The 1964 Redbridge Council election took place on 7 May 1964 to elect members of Redbridge London Borough Council in London, England. The whole council was up for election and the Conservative Party gained control of the council.

==Background==
These elections were the first to the newly formed borough. Previously elections had taken place in the Municipal Borough of Dagenham, Municipal Borough of Ilford, Municipal Borough of Wanstead and Woodford and Chigwell Urban District. These boroughs and districts were joined to form the new London Borough of Redbridge by the London Government Act 1963.

A total of 192 candidates stood in the election for the 60 seats being contested across 17 wards. These included a full slate from the Conservative, Labour and Liberal parties. Other candidates included 8 Communists and 4 Residents. There were 9 four-seat wards and 8 three-seat wards.
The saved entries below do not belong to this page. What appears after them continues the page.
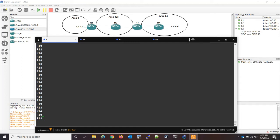Hey everyone. I was originally going to make a big video about OSBF transit capability, but instead I decided to split it up into two videos. In this first video I'm going to show you what OSBF area transit capability is and why it's there, and then in the second video I'm going to show you how we could use it for traffic engineering.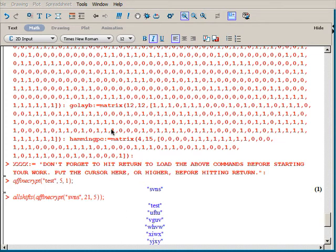This is the code downloaded from the cryptography book's website — it's the crypto12.mws file. And this is my code for the affine cipher.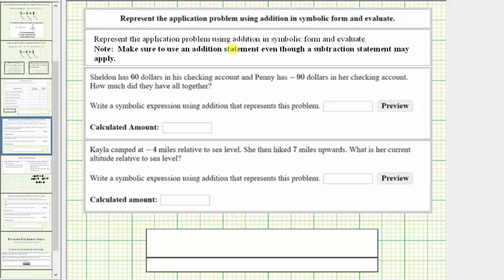We are asked to represent the application problem using addition in symbolic form and evaluate, and we're told to use addition even though subtraction may apply. In the first example, Shelton has $60 in his checking account and Penny has negative $90 in her checking account. So because Penny has a negative amount of dollars in her account, her account is overdrawn. We're asked how much do they have altogether — if we combine these two amounts, what would the result be?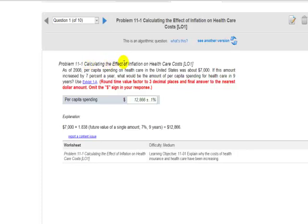Calculating the effect of inflation on health care costs. As of 2008, per capita spending on health care in the United States was about $7,000.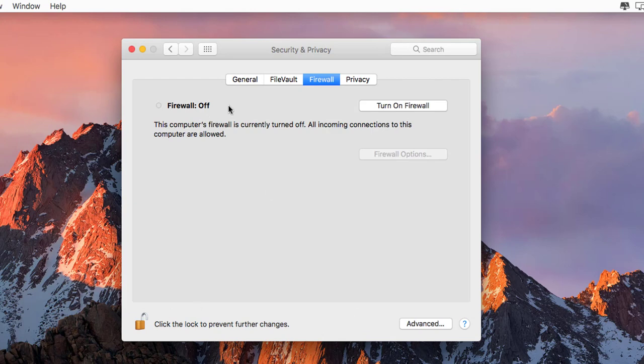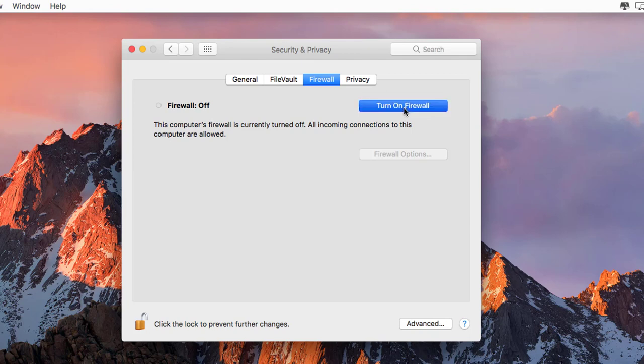Now you may click on Turn On Firewall. Click on it. Now your firewall is turned on. Now again, click on this lock.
The council was elected in 1964 as a "shadow authority" but did not start operations until 1 April 1965.

==Results==
===General election of councillors===
The results saw the Conservatives gain the new council with a majority of 30 after winning 45 of the 60 seats. Overall turnout in the election was 39.5%. This turnout included 1,023 postal votes.

===Aldermanic election===
In addition to the 60 councillors, there were ten aldermen elected by the council. The five aldermen with the fewest votes were elected to serve until 1967 (subsequently extended to 1968) and the other five until 1970 (subsequently extended to 1971). (Note: Terms were amended by the London Government Act 1967.)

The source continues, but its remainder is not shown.